Rhetoric can easily outstrip reality of experience when it comes to Church life.  Perhaps that is nowhere more self-evident than when we speak of the Church as ‘family’.  Think of the way that families celebrate Christmas.  It is one of the most profound Christian festivals of the Church year, and yet for many Christians it is also the most lonely.  And this while other Christians prioritise celebrating Christmas ‘as a family’.  Making the boundaries of family life ‘porous’, especially at such key moments, might be one of the most difficult things we have to learn as Christians.  The old saying that ‘blood is thicker than water’ isn’t true if the water involved in the water of baptism.  I love the way the relationship of the early Church is described: Peter and John went back to their own people (Acts.4:23).  That is quite powerful.

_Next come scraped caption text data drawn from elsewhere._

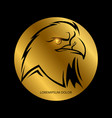 black eagle head silhouette vector image vector image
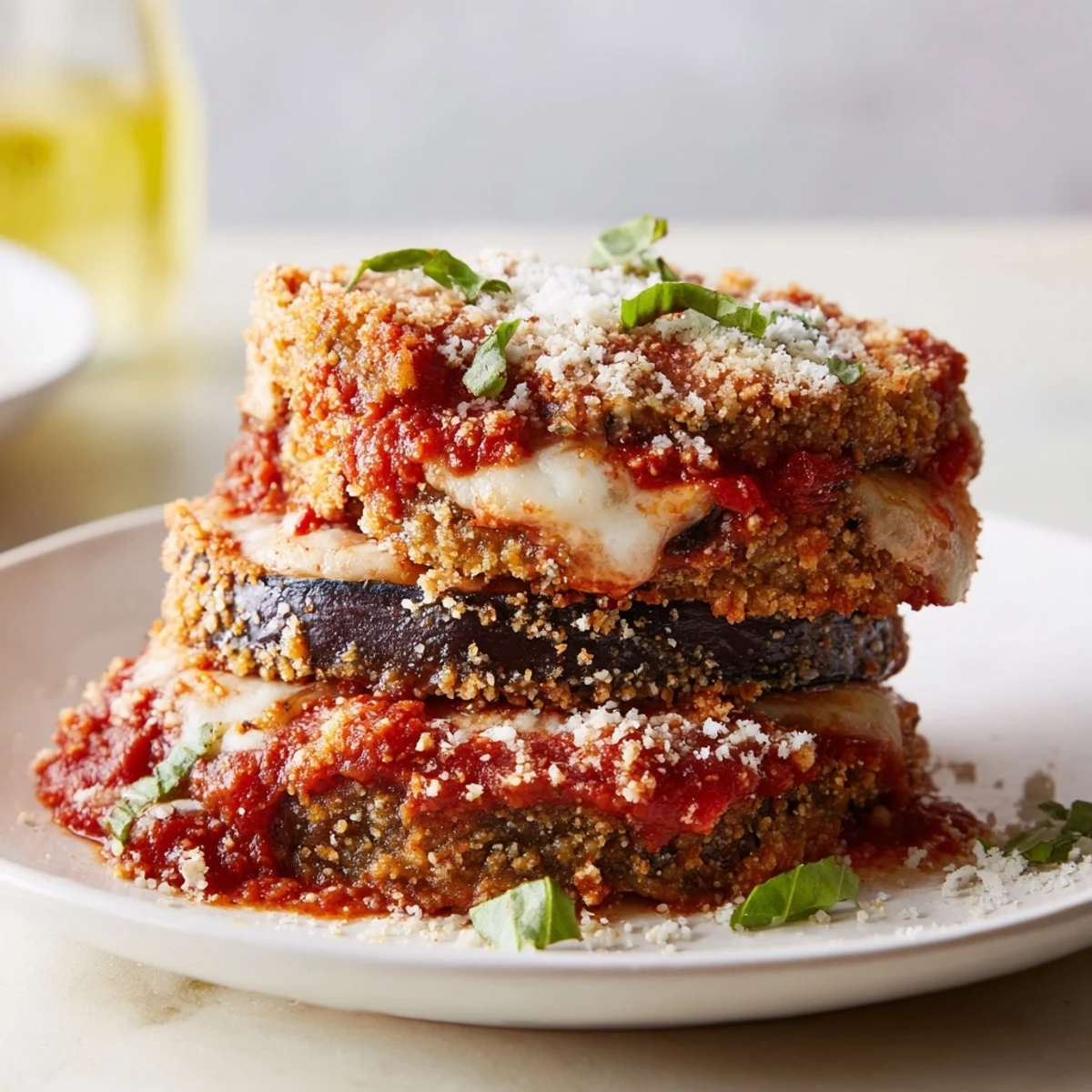 Golden baked eggplant slices layered with rich marinara sauce and melted mozzarella, topped with fresh basil in a casserole dish.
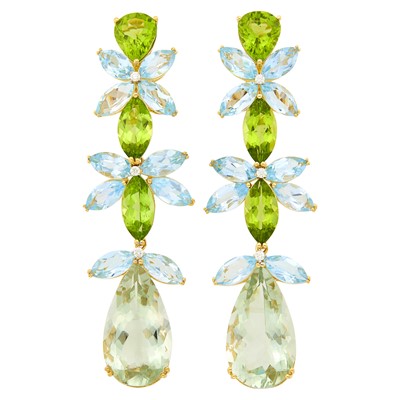 Lot 1053 - Pair of Gold, Blue Topaz, Peridot, Green Quartz and Diamond Pendant-Earclips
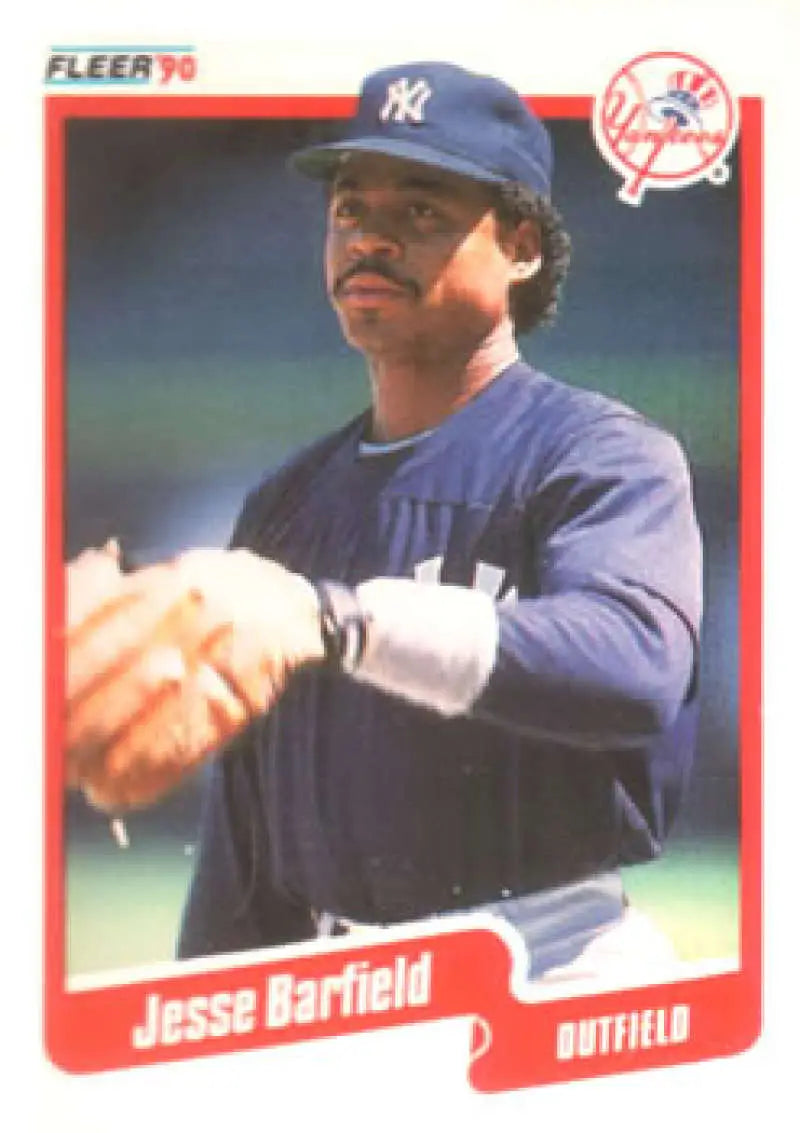 1990 Fleer #437 Jesse Barfield NM-MT New York Yankees Baseball Card - Baseball Card Single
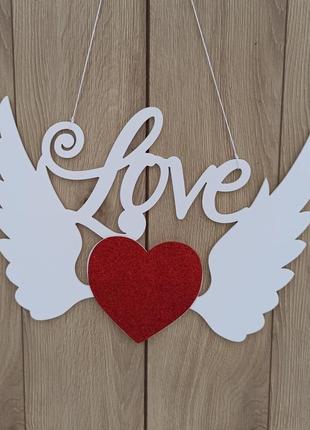 Декор ко дню святого валентина, подвеска венок на дверь стену с крыльями ангела и сердцем1 фото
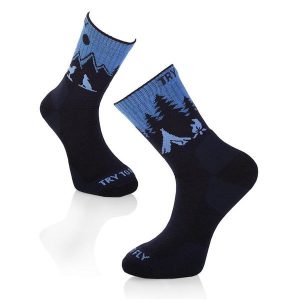 Ciemnoniebieskie skarpetki trekkingowe z wełny merynosów Wolf. Niebieskie skarpetki TRY TO FLY, bez wzorów, z wełny. W wyprzedaży za 83,41 zł.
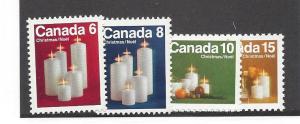 Canada, 606p-09p, Christmas 1972 Tagged Singles, MNH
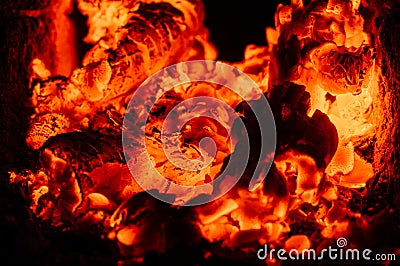 Burning coal Stock Photo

It is too easy to think only of the sacrifice such a change in mentality might incur.  Of course, to be part of a Church that operates as a family will be costly, but don’t lose sight of the blessings and benefits of putting our families so consciously in the context of Church family (and putting Church family in the context of our own families).  When families are siloed, everyone suffers.  Such sharing of life brings structures of support and encouragement, challenges sinful patterns of life in all concerned, fosters unity and fellowship, heals fractured backgrounds, gives a place to the lonely, the widowed, the deserted, the broken (Ps.68:6).  Sharing life (not hosting!) gives you a way to contribute, to serve, to support – from both sides of the equation.  God means for us to be adopted into this family, with all the vulnerability that entails.  Holding ourselves apart is to refuse His vision for community that reflects the life of the Trinity.